[Stored data]
- Opening Delimiter -
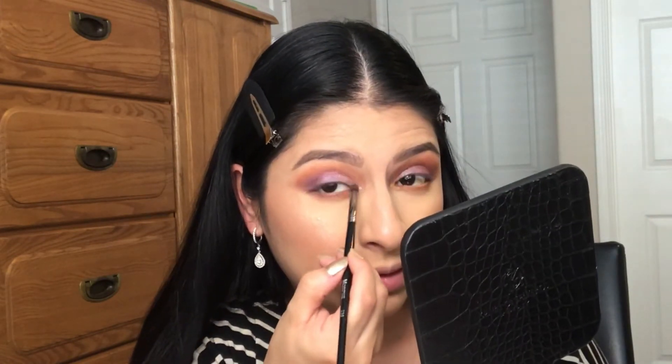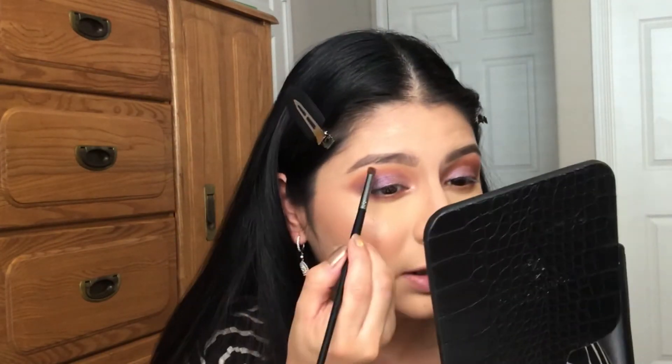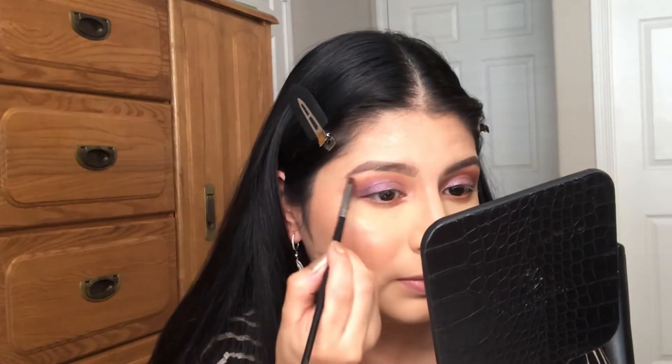It has a little bit of fallout but the color looks so nice. I'm also going to put a little bit of this color right on the brow bone for a little bit of highlight there.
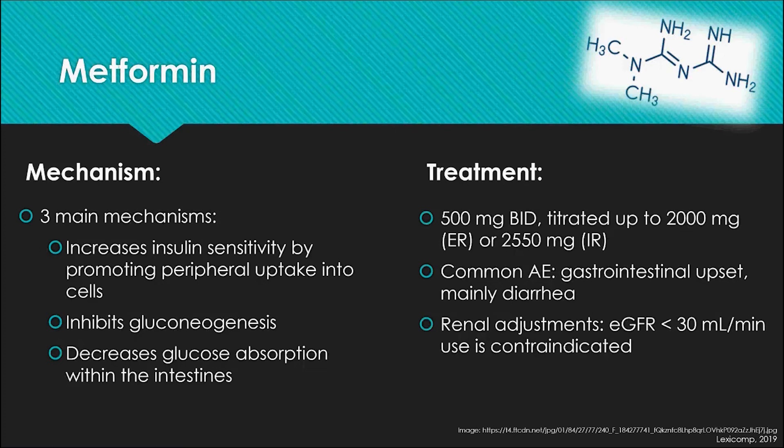The goal titration is 2,000 mg of extended release or 2,550 mg of the immediate release formulation. The main adverse effect is gastrointestinal upset, particularly diarrhea, which is the main complaint and usually leads to discontinuation or a dose not completely at goal. When renal function falls below an estimated GFR of 30, metformin is contraindicated because the risk of lactic acidosis increases at that point.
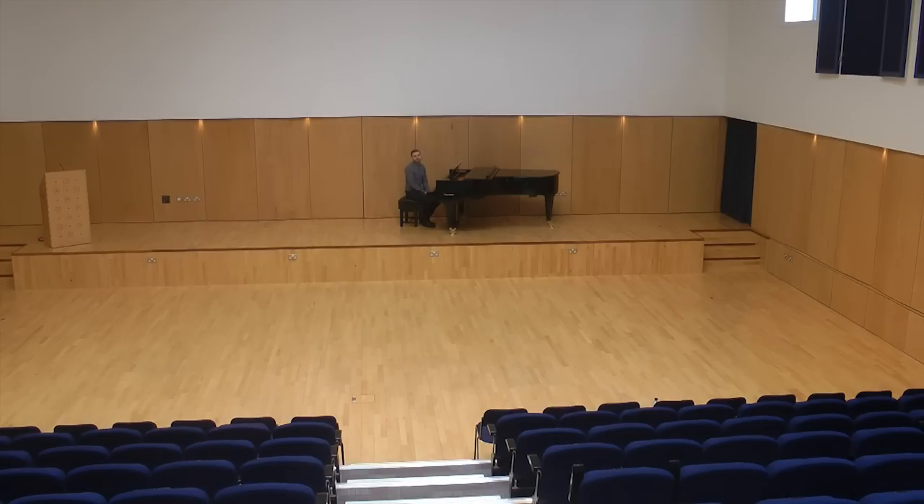By using different materials on the floor, the ceiling and the walls of a room we can control its acoustic properties. Hard surfaces like concrete and brick reflect sound, causing an echo. Soft surfaces like curtains and carpet absorb sound so there is no echo. Therefore rooms with lots of hard surfaces can sound very echoey or reverberant.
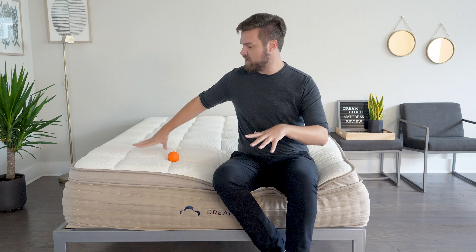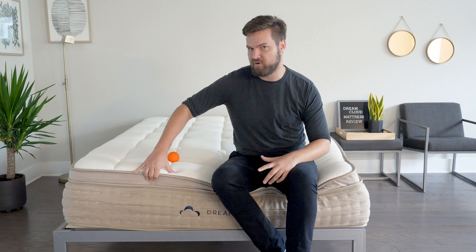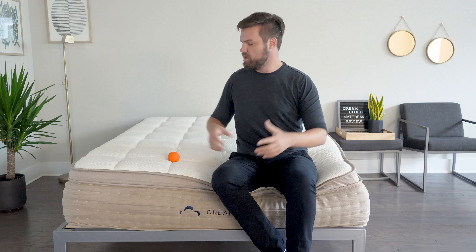In terms of feel, it has, again, a pillow top soft feel. High-density foams are going to add a little bit more firmness, and then you have the coils. It actually has this more balanced hybrid feel overall.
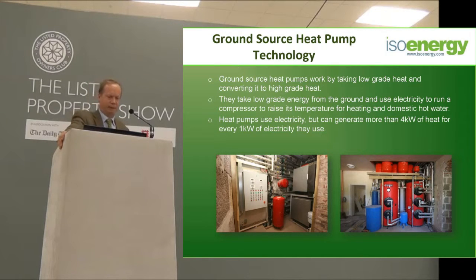Ground source heat pumps work by taking low-grade heat out of the ground and converting it to high-grade heat. If a heat pump is installed properly — and I mean properly — you will get on average about 4 kilowatts out for every kilowatt that you put in. A kilowatt of electricity costs about 12 pence, so if I divide that by 4, it costs me about 3 pence per kilowatt hour to run the heat pump.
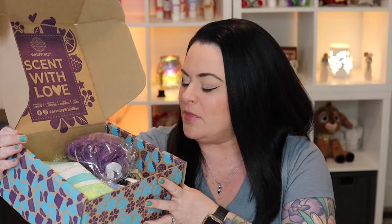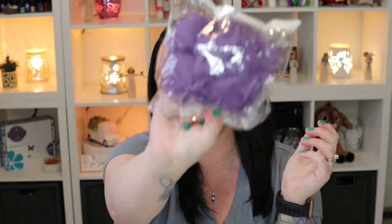So here we have a little box of pampering — how perfect is this as a gift? Inside we have our exclusive product that you actually cannot purchase otherwise. We have a loofah — I mean, you can buy loofahs elsewhere, but you can't buy a Scentsy loofah anywhere else. So you have a Scentsy purple shower loofah.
- Closing Delimiter -
**TASK OBJECTIVE:**
With the pictures omitted, the entries are to be transcribed in full, exactly as they appear.

**SOLUTION TO THE PROBLEM:**
It has a little bit of fallout but the color looks so nice. I'm also going to put a little bit of this color right on the brow bone for a little bit of highlight there.
The goal titration is 2,000 mg of extended release or 2,550 mg of the immediate release formulation. The main adverse effect is gastrointestinal upset, particularly diarrhea, which is the main complaint and usually leads to discontinuation or a dose not completely at goal. When renal function falls below an estimated GFR of 30, metformin is contraindicated because the risk of lactic acidosis increases at that point.
By using different materials on the floor, the ceiling and the walls of a room we can control its acoustic properties. Hard surfaces like concrete and brick reflect sound, causing an echo. Soft surfaces like curtains and carpet absorb sound so there is no echo. Therefore rooms with lots of hard surfaces can sound very echoey or reverberant.
In terms of feel, it has, again, a pillow top soft feel. High-density foams are going to add a little bit more firmness, and then you have the coils. It actually has this more balanced hybrid feel overall.
Ground source heat pumps work by taking low-grade heat out of the ground and converting it to high-grade heat. If a heat pump is installed properly — and I mean properly — you will get on average about 4 kilowatts out for every kilowatt that you put in. A kilowatt of electricity costs about 12 pence, so if I divide that by 4, it costs me about 3 pence per kilowatt hour to run the heat pump.
So here we have a little box of pampering — how perfect is this as a gift? Inside we have our exclusive product that you actually cannot purchase otherwise. We have a loofah — I mean, you can buy loofahs elsewhere, but you can't buy a Scentsy loofah anywhere else. So you have a Scentsy purple shower loofah.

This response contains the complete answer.